I questioned the Ibero-American University of Puebla and the Jesuit university system Common Law Initiative for the Humanities, Sciences, Technologies, and Innovation, It was promoted by the Republic’s government because it was closed to discussion of ideas and because it discriminated against researchers from private higher education institutions.
In a position, the Jesuit institutions expressed concern about the various contents of the bill, and lamented that the drafting process was one-sided and exclusive; And They demanded the establishment of an open parliament that takes into account all the actors involved.
“We are confident that the principles of participatory democracy, favored by the discourse of the government and the political class as a whole, will be taken seriously and reflected in the deliberation process that will take place in Congress on the common law initiative,” details a document signed by Ibero Puebla, Ibero Mexico City and the rest of the institutions that make up Part of the Jesuit university system.

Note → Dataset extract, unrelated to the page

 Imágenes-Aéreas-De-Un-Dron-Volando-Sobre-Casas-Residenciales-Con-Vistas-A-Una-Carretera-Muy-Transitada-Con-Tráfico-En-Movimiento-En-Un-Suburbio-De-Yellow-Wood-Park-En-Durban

The Academic Council of the universities that make up the Jesuit university system has asked Congress to conduct a responsible, open, transparent, pluralistic, and rigorous review and discussion process for the Jesuit initiative. General Law for the Humanities, Science, Technology and Innovation, Ensuring the participation of all actors involved in the national ecosystem of science, technology and humanism, which requires the implementation of an open parliament.
Jesuit universities questioned scholarships being discriminatory because students from private higher education institutions were placed at a disadvantage.
“The priority of awarding scholarships for postgraduate studies, provided for in Article 39 of the initiative, puts students enrolled in private higher education institutions at a disadvantage. This is reinforced by the discriminatory nature of the proposed regulations towards a segment of the population that decides, freely, to study in that institution in which meet their academic expectations and interests. This measure creates another barrier to the difficult path that Mexican students go through in their scientific life, “the document adds.